The basic method of testing is as follows; for each of a series of modes and game records, computer - computer play is initiated. After each move of the game, the test cases for each module are run. So, for example, the Groups module can be tested by getting the liberties for each group and comparing these against known results. A great deal of effort would go into both writing these test cases, and recording the correct answer for each test case for each move of all of the test games. In addition, the log file is monitored to determine if any errors or warnings occur for any of the modules.
Another type of testing would be running the program in computer - computer mode with the game saved after each move, and checking the log files for any errors which occur. In addition, the game records would be saved, and a person could manually go through the game records. If any of the moves appear to be below the programs usual skill level, then the game is restored to that move, and the debug windows are used to determine the reason for the poor move.
In order to perform this evaluation, there would have to be a standard test suite for each module which would be run against all of the different implementations to determine this ranking for each mode. For example, for the life and death module, a series of life and death problems could be given to the modules, and their results and the time taken and the memory used to get them measured. This would not consist of pass-fail tests as for the testing task described above, but life and death problems of varying difficulty.

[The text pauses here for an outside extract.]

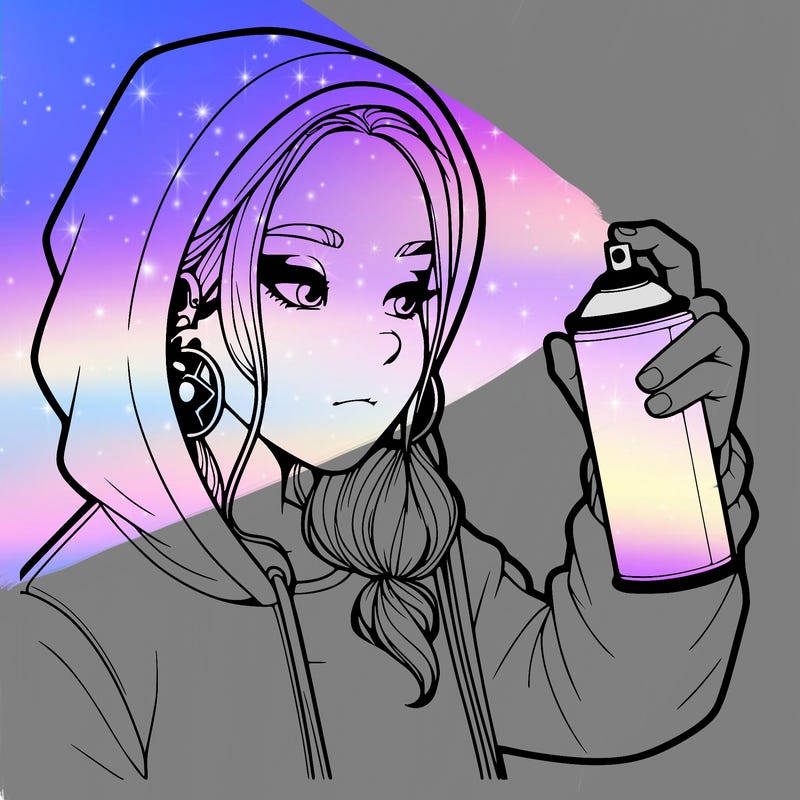 a realistic girl, spray painting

Each Life and Death module would then be graded on a scale of how well it did in solving the problems, as opposed to failing the test if it got any problems wrong. Evaluation may also include playing different configurations of the program against itself. Of course, this evaluation would include things such as making sure that the implementations did not throw exceptions, enter infinite loops, etc.
Obviously, this is a very large task in itself, which includes designing and implementing a code framework, as well as gathering data from other sources such as life and death problems or joseki dictionaries. The complexity of this task and the amount of code required could easily match that of the code in org.moyoman.module itself. As with the development of the Go playing code, the quality of the testing effort will be dependent on having enough volunteers to perform this task.